Il fatto che non gli credessi passò in secondo piano, sbranato dalla rabbia cieca e ruggente e dalla tristezza che scalpitavano nel mio petto.

-Perché ti sei fatto prendere? Perché?-

Urlai, ma il suono uscì spezzato e mi raschiò la gola, finendo per suonare come un sussurro malaticcio. Lo tirarono via, impendendogli di darmi una risposta e quando sparì dalla mia visuale mi accasciai a terra con le mani nei capelli.

Tremavo convulsamente, una lama frastagliata continuava ad affondare nel mio petto lacerandomi il cuore. Mi raggomitolai e cercai di concentrarmi sul dolore ai muscoli facciali e alle tempie, sul respiro mozzato dai singhiozzi e sul freddo che il pavimento sotto di me mi trasmetteva. Una lacrima, poi un'altra e un'altra ancora, raggiunse le mie labbra e il sale contenuto in esse bruciò appena sui leggeri tagli che i miei denti avevano causato.

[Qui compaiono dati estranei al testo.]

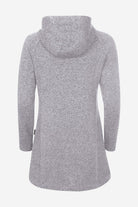 DURCHWÄRMER-Damen Fleecemantel-Elkline-17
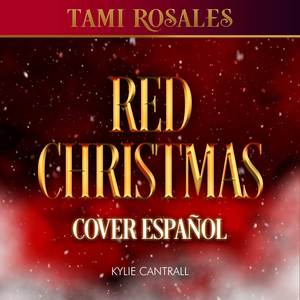 Red Christmas - De "Descendants: The Rise of Red" (Cover Español)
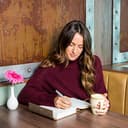 moonster Quaderno Appunti in Pelle Albero della Vita Taccuino Pelle Donna e Uomo Fatto a Mano – Agenda Pelle con Fogli Bianchi – 18x13cm – Idee per Regali Originali - 6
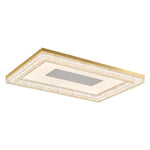Lumora Resin Ceiling Light - Lamp Outdoor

Un vuoto enorme mi pervase e fu colmato da una paura atroce di perdere Luke, mio fratello, la persona che più di tutti al mondo mi aveva protetta e amata. Tutte le volte in cui gli avevo urlato contro di starmi alla larga e che lo detestavo passarono in secondo piano, persero di significato. In quel momento avrei voluto tornare a quando litigavamo, a quando potevo abbracciarlo e volergli bene, a quando potevo dirgli qualsiasi cosa. Avevo sempre data per scontata la sua presenza e avevo sempre sbagliato.

Provavo un male fisico, era all'altezza del petto e mi mancava il fiato. La paura mi stava schiacciando i polmoni senza preoccuparsi della mia necessità di respirare. Era un timore che mi stava serrando la gola, stringendo la propria presa ogni secondo di più, mentre la mente si affollava di pensieri convulsi e distorti. Chissà se Michael riusciva a sentire il vuoto che mi aveva impregnata come un accappatoio caduto per sbaglio in una vasca piena d'acqua. No, lui non avrebbe mai provato quella sensazione di totale agonia. Odiava Luke e lo avrebbe sempre fatto, indipendentemente da quanto accadeva nel mio cuore.